(Crawled caption data)
::::
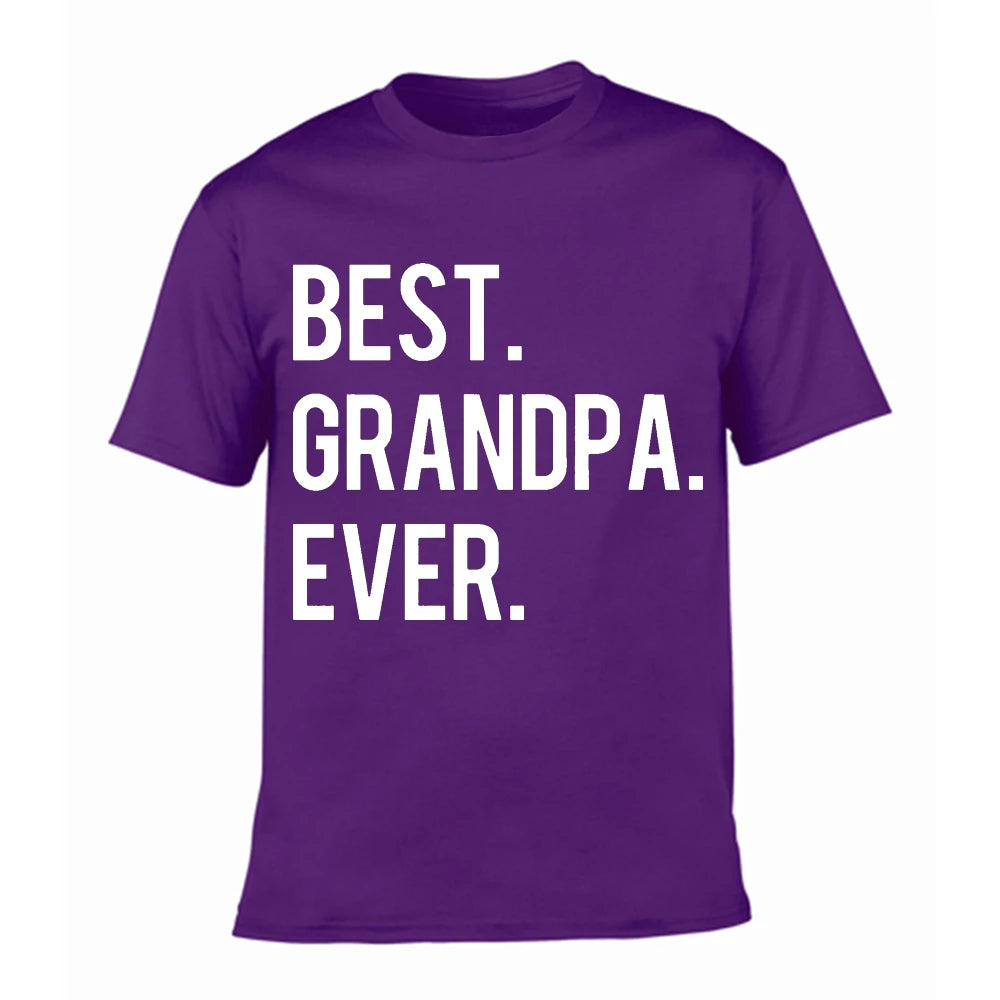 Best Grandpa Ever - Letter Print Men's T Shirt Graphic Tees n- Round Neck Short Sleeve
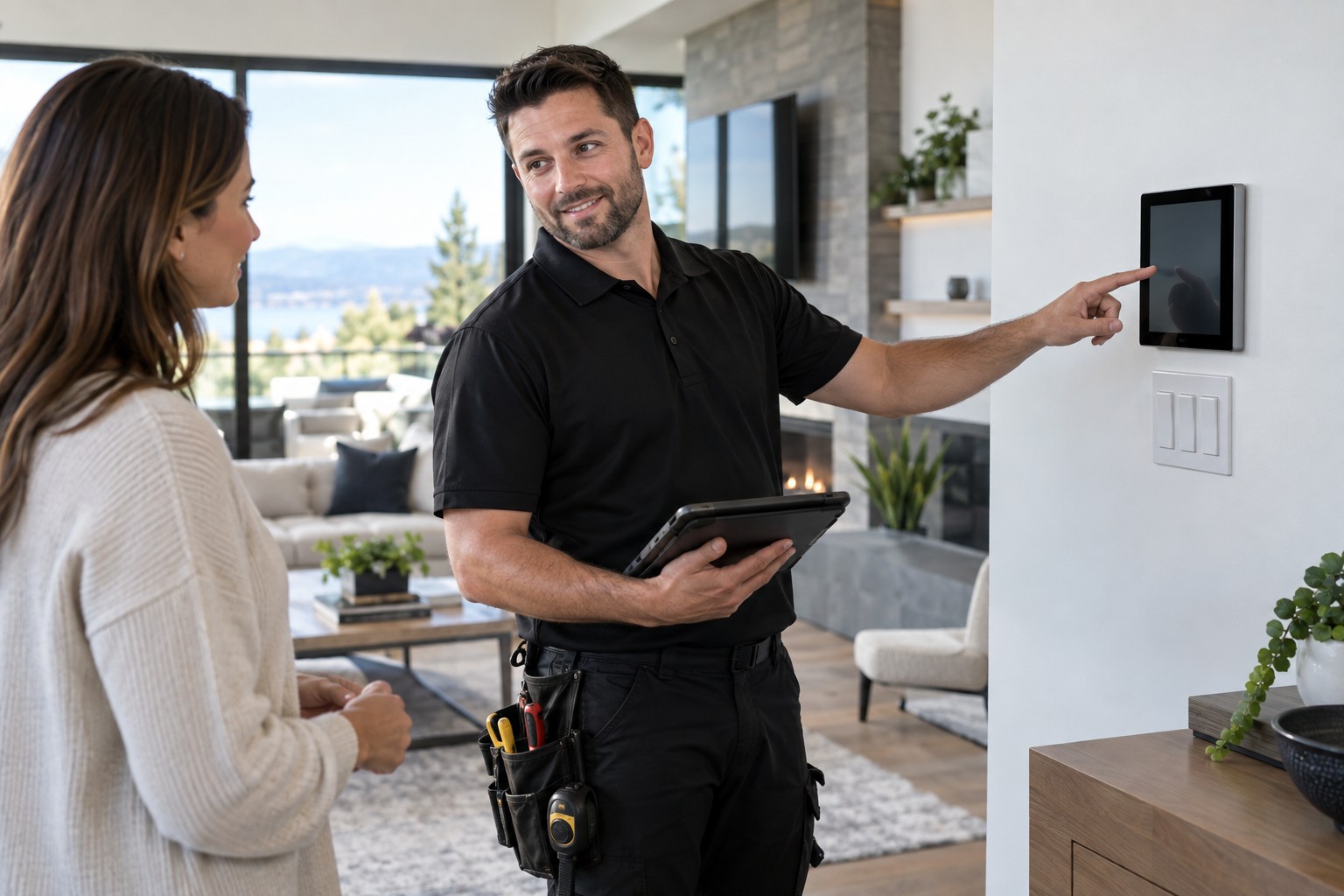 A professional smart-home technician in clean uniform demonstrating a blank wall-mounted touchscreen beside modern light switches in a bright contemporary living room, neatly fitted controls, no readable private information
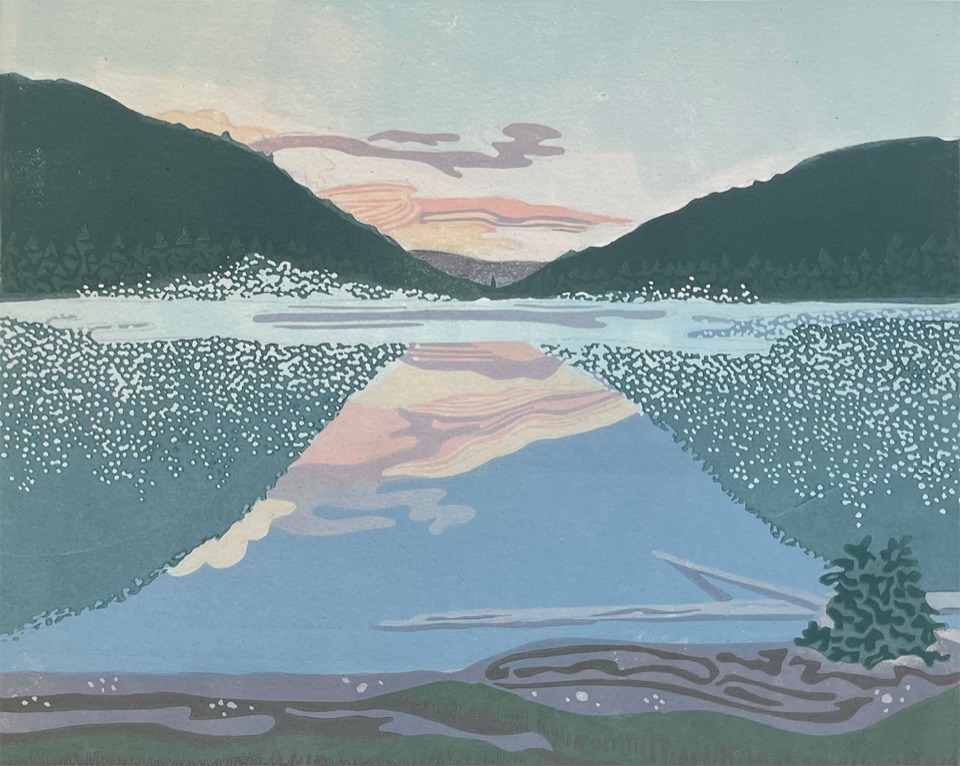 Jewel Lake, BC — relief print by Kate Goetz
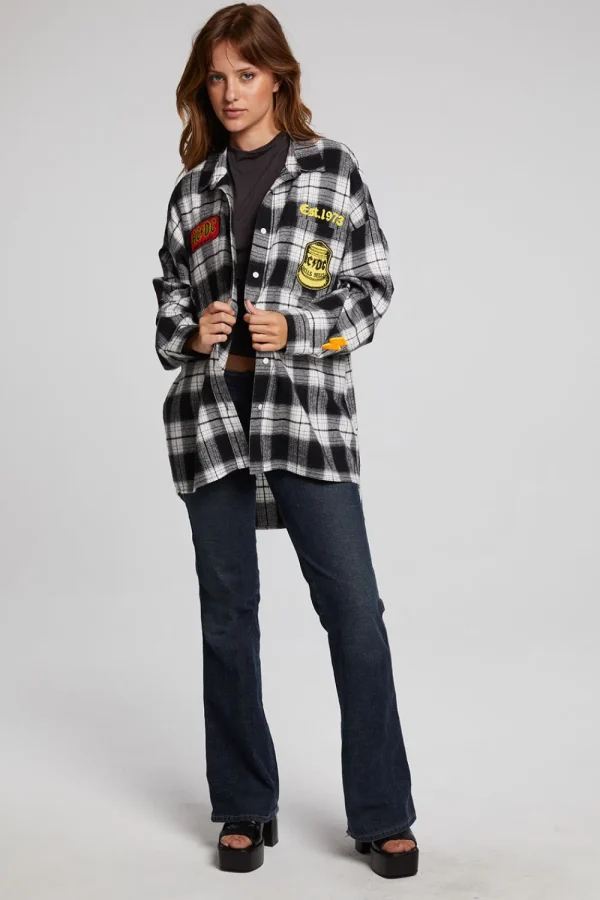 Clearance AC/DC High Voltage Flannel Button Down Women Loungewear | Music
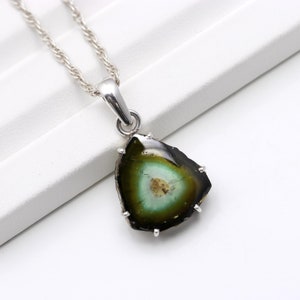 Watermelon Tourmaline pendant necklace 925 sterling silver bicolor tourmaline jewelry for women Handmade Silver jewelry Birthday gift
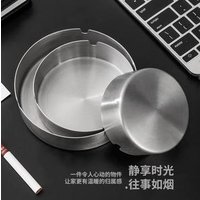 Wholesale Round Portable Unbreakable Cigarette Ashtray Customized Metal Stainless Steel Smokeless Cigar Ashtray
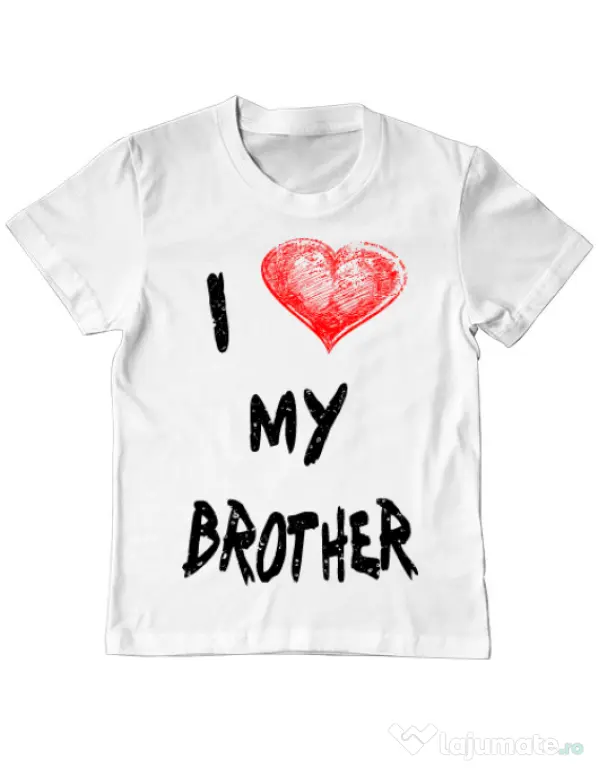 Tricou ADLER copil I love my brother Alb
::::
WORK ORDER: A faithful copy of all the data above, without its pictures, is the expected result.

SOLUTION:
 Best Grandpa Ever - Letter Print Men's T Shirt Graphic Tees n- Round Neck Short Sleeve
 A professional smart-home technician in clean uniform demonstrating a blank wall-mounted touchscreen beside modern light switches in a bright contemporary living room, neatly fitted controls, no readable private information
 Jewel Lake, BC — relief print by Kate Goetz
 Clearance AC/DC High Voltage Flannel Button Down Women Loungewear | Music
 Watermelon Tourmaline pendant necklace 925 sterling silver bicolor tourmaline jewelry for women Handmade Silver jewelry Birthday gift
 Wholesale Round Portable Unbreakable Cigarette Ashtray Customized Metal Stainless Steel Smokeless Cigar Ashtray
 Tricou ADLER copil I love my brother Alb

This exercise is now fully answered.